Canada’s gross domestic product grew more than forecast in July, the strongest evidence yet of a rebound from the oil shock that shrank the economy in the first half.
Output expanded 0.3 percent to an annualized C$1.66 trillion ($1.24 trillion), Statistics Canada said Wednesday in Ottawa. The median forecast in a Bloomberg survey of 20 economists was for a 0.2 percent increase.
Non-conventional oil extraction jumped 9.1 percent in July, recovering from earlier this year when maintenance shutdowns and wildfires hampered production in Alberta’s bitumen deposits. The oil, gas, mining and quarrying category had recorded seven straight monthly declines through May.
The world’s 11th largest economy is poised to rebound this quarter after contracting in the first half, weakened by a drop in commodity prices, Bank of Canada Governor Stephen Poloz predicts. Growth has been a key topic ahead of an Oct. 19 election with Prime Minister Stephen Harper touting the virtue of his move to balance the budget and saying that more than 80 percent of the country’s industries are growing.
“For the third quarter we are likely to return to growth in quite a substantial way,” said Nick Exarhos, an economist at CIBC World Markets in Toronto. “Our forecast is for 2.7 percent and the numbers today keep us on pace for that.”
The agency revised June’s GDP increase lower to 0.4 percent from 0.5 percent, still enough for Canada to record its strongest two-month expansion in a year.
Canada’s currency strengthened 0.2 percent to C$1.3393 per U.S. dollar at 11:33 a.m. in Toronto. It has fallen 13 percent this year. Five-year federal government bonds climbed to 0.81 percent from 0.79 percent.
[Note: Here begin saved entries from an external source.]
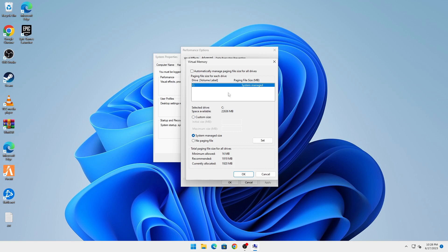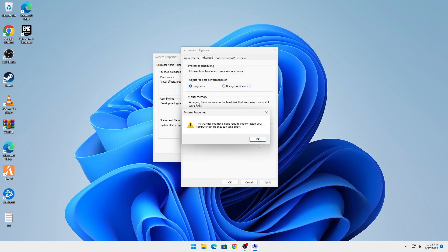Click on the drive, then click on 'System managed size' and click Set. Once that is done, do that for all drives. Click OK, and it will ask you to restart your computer. Restart your computer.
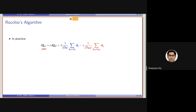The modified query — earlier I was writing it as the optimal or optimized query, here I am writing it as the modified query. Basically, there are three factors. This is the original query. I will be discussing every component separately.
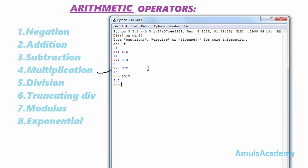The sixth one is truncated division. It is similar to division, but it will truncate the result. For example, 5 divided by 4 gives 1.25, but if you use truncated division — that is, double slash — the answer is 1. It will eliminate the digits present after the decimal point.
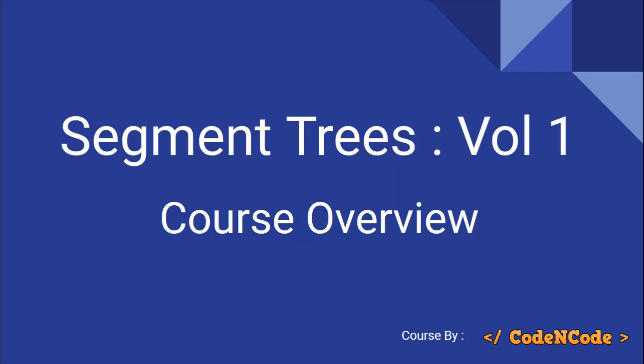Hello guys, this is CodeNCode and today we're starting a new series: Segment Trees Volume 1. Why Volume 1? Because I've divided the whole segment tree course into two parts. The first is Easy, which covers easier concepts, and the second is Hard, which will cover difficult topics like HLD and persistent segment trees.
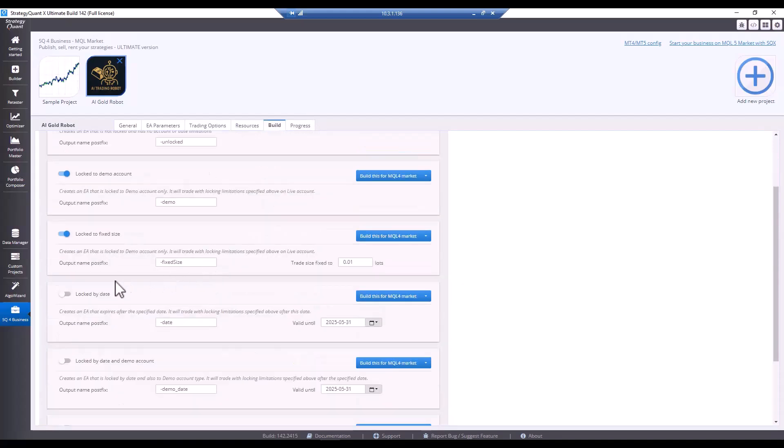We can now export this and then limit the strategy to a certain date, for example. You can give the user permission to try the strategy, but it will only be valid until a certain day you choose. Or you can rent the strategy for one year, for example, and this way you ensure that the strategy will expire after a certain time.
A 0.8 percent gain in finance and insurance, and a 0.6 percent increase in manufacturing -- led by durable goods such transportation equipment -- also supported growth in July.
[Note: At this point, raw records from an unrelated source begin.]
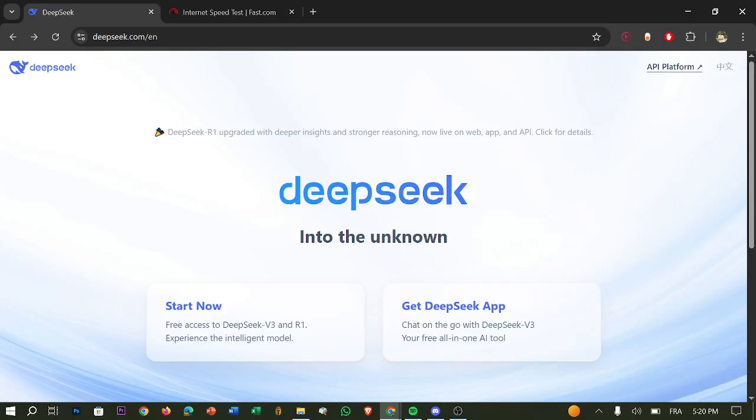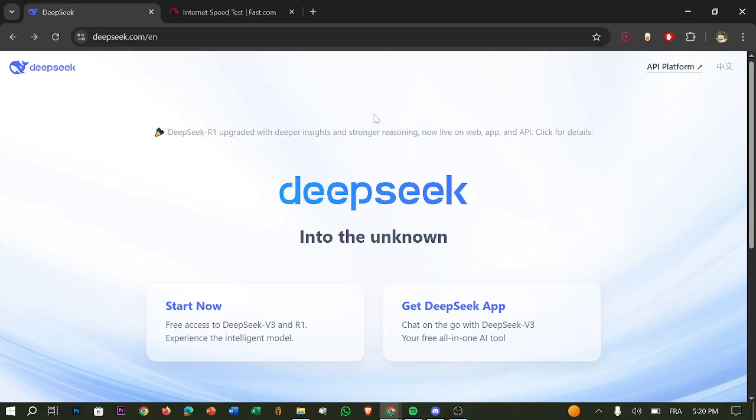Check your usage dashboard. Log in to DeepSeek as I do, go to usage and limit in your account, and look at both request count and token usage.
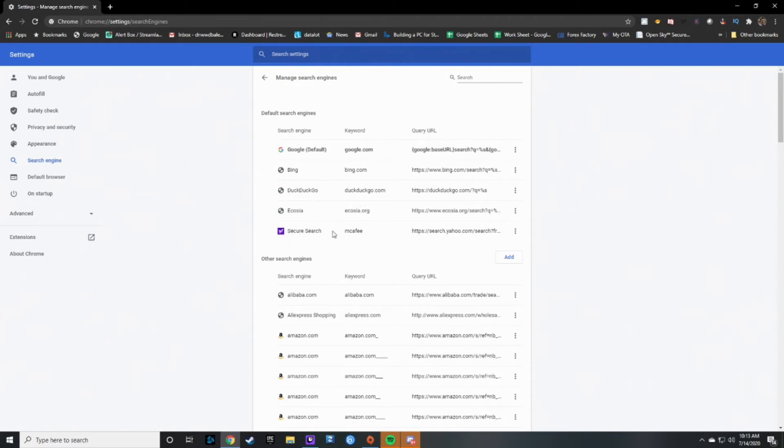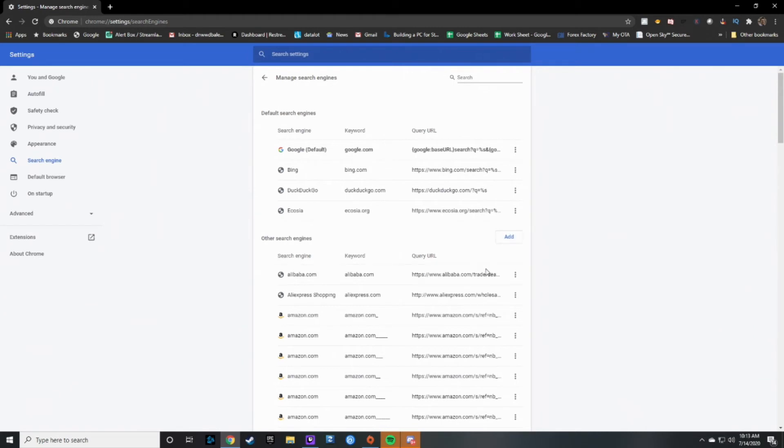And then once you go here to secure search, you go ahead and click on this and then go ahead and remove that from the list. And that is really the extent of the tutorial. I hope this does help people because this has just been something that's very annoying to me.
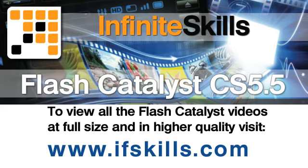This video is just a short extract from the entire course. If you wish to see all of the videos from this series at higher quality and in far larger screen size, head over to ifskills.com.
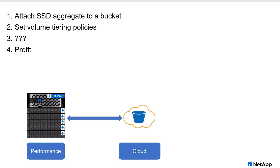But sometimes things don't go as planned. And that's almost always due to the aggregate not being full enough. Maybe you're in a new cluster and there just isn't very much data. Or maybe you have large 800 terabyte aggregates, and you have a lot of data, but you haven't hit that 50% threshold.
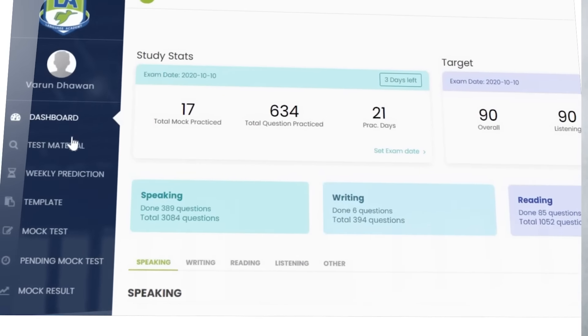Alright guys, I'll just take one minute of your precious time. Just wanted to let all of you know that if you want to practice all these questions using artificial intelligence and practice on a portal which is as similar as your actual PTE exam, which will give you exact scores which you are likely to get in your exam, just register on languageacademy.com.au. You can practice as many questions.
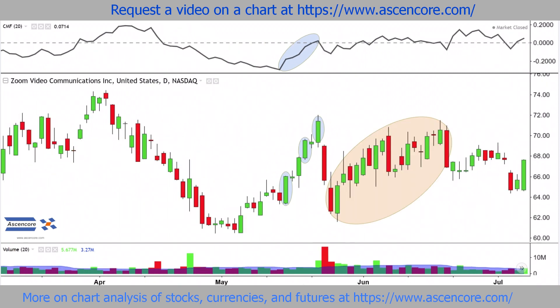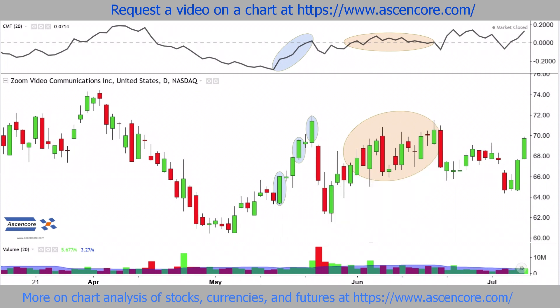When Chaikin money flow values go back over zero, it doesn't necessarily indicate a bullish reversal or even confirm a bullish trend. Especially if the indicator doesn't rapidly close over zero and keep rising, such as in this case where there's a sustained stall at zero.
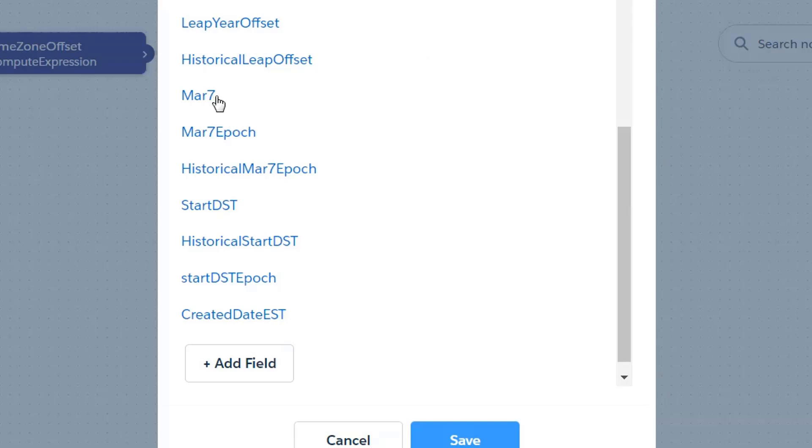And the reason that I've created these historical variations of the fields is so that we can kind of have a little bit of a litmus test and not just say, oh, Pete got it right for this year. This is more to answer the question of if we were at the moment that that record was created, what offset would we be seeing?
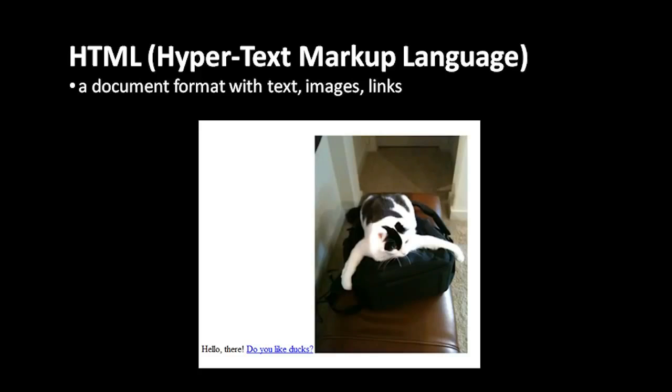It's called hypertext and the web because within a document you have things you can click which can take you to other documents.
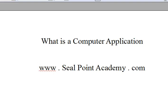Welcome to SealPoint Academy. We will talk about computer applications in this lecture. Let us revisit our CPU — the hardware lecture that we had. The CPU, the hardware, let's put inside a box here for now.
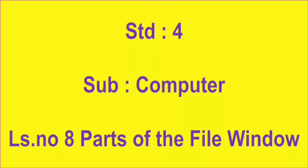Welcome Standard 4th, Subject Computer, Lesson No. 8, Parts of the File Window.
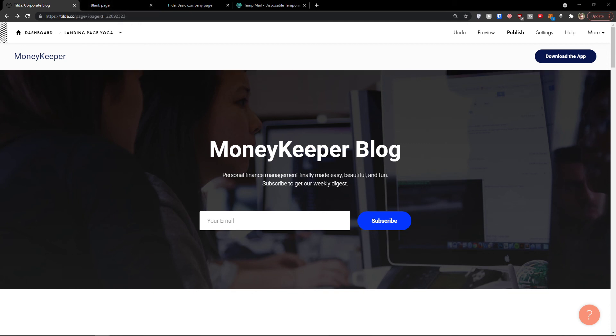So this was a Tilda tutorial on how to use Tilda for beginners. If you have any questions, ask me down in the comments — I'll be really happy to help you. Have a great day guys, goodbye, see ya!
Manufacturers, battered in the 2009 recession, are beginning to find relief with Canada’s dollar trading at about an 11-year low. The weaker currency makes Canadian goods cheaper in the U.S., which buys three-quarters of its northern neighbor’s exports.
“We are seeing some impact of the low dollar on our job creation activity and manufacturing industry, not as fast as what we used to see,” Quebec Premier Philippe Couillard said in an interview this week in New York. “A few years ago when we had these periods of the Canadian dollar going lower, the effect was immediate and very significant,” he said, adding that “with the Canadian dollar staying low for the foreseeable future, this is very positive for us.”
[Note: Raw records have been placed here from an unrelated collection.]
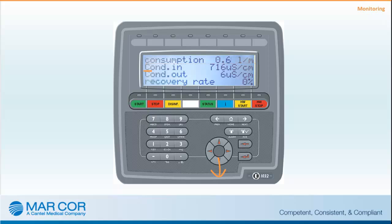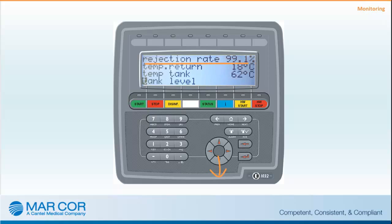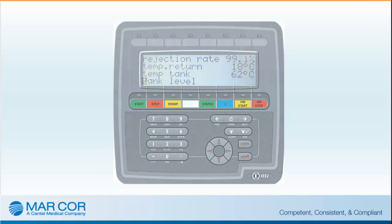Additional parameters available include product water consumption, conductivity in, conductivity out, recovery rate, and rejection rate. Also available are temperature return, tank temperature, and tank level. A log sheet is included in the Operator's Manual that can be used to record this information; otherwise, record information as specified by facility policy and procedures.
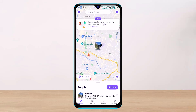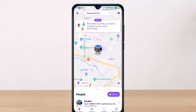Now, keep in mind that in order to join a circle on Life360, you need to have the circle's invitation code. Whoever's circle you're going to join, they need to send you an invite code, and you simply need to copy and paste that invite code into the app.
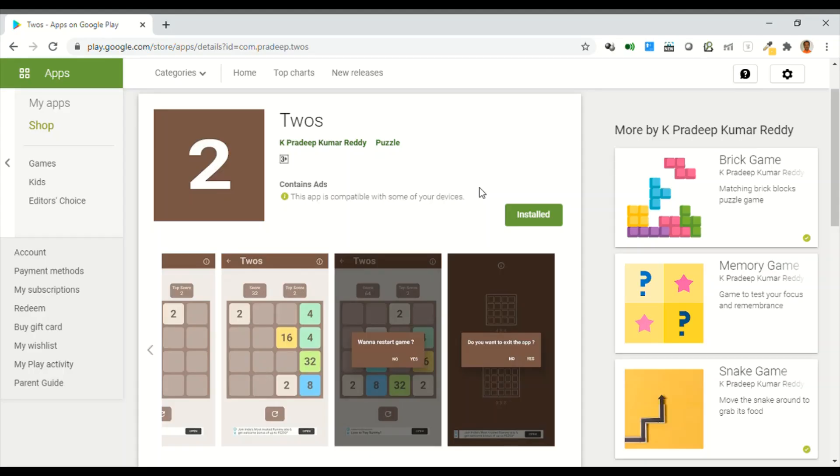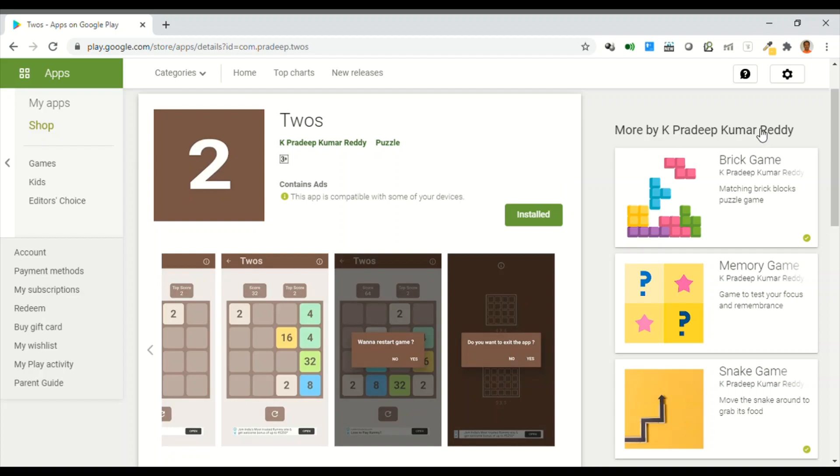So that was the demo of my Twos game app. I'll provide the Play Store link of this app in the description of this video. I hope you enjoyed this game. Thanks for watching. Bye-bye.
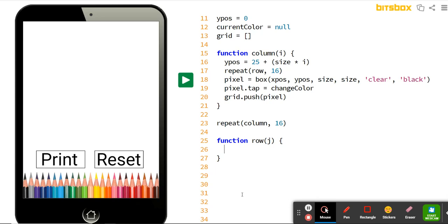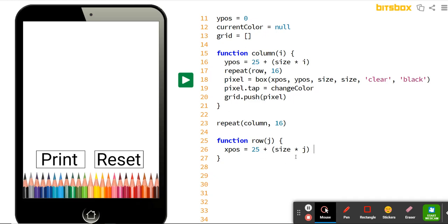Inside the row function, instead of choosing the y position we're going to calculate the x position of each pixel. xpos equals 25 plus (size times j) — the exact same formula as from our y position in the column, but using j for rows. Row one has j equals one, so xpos = 25 + 40×1 = 65. Row two will be 25 + 40×2 = 105, and so on and so forth.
Governor Poloz said in a Sept. 21 speech that the fall in the nation’s dollar is easing the shock of lower oil prices, and a diverse economy allows for a shift to other growth opportunities, such as Asian demand for seafood.
Poloz kept the central bank’s trend-setting overnight lending rate at 0.5 percent at the last decision on Sept. 9, after cutting it in January and July. Toronto-Dominion Bank predicts the bank will leave the rate unchanged until the third quarter of 2017.
Much of the damage to the economy earlier this year came as lower crude oil prices prompted producers from Suncor Energy Inc. to Imperial Oil Ltd. to cancel investments.
After Canada’s economy contracted in the first two quarters of this year, meeting the textbook definition of a technical recession, evidence the worst is over has started trickling in for the Group of Seven’s biggest oil exporter. Signs of recovery include the biggest two-month gain in exports since 2011 and creation of 193,300 jobs in the 12 months through August, defying the normal pattern of a recession.
“We know our approach is working, we have created over 1.3 million net new jobs since the depths of the recession,” Finance Minister Joe Oliver said from his campaign office in Toronto. Other parties “would significantly raise job-killing payroll taxes,” he said.
Opposition parties say the Conservatives focused too much on the energy industry before the crash of crude prices from more than $100 last year. Liberal Leader Justin Trudeau, about tied in recent polls with Harper, has called for deficits to revive growth with infrastructure spending, and Tom Mulcair’s New Democrats say they will work to aid manufacturers they say have fired 400,000 workers under Harper’s tenure.
“Our plan to create growth, to invest in our communities, to create jobs and opportunities for the middle class, isn’t based on the past few months, it’s based on 10 years of low growth by Mr. Harper,” Trudeau said in televised remarks from the Vancouver suburb of Surrey. “We have an economy that is stalled.”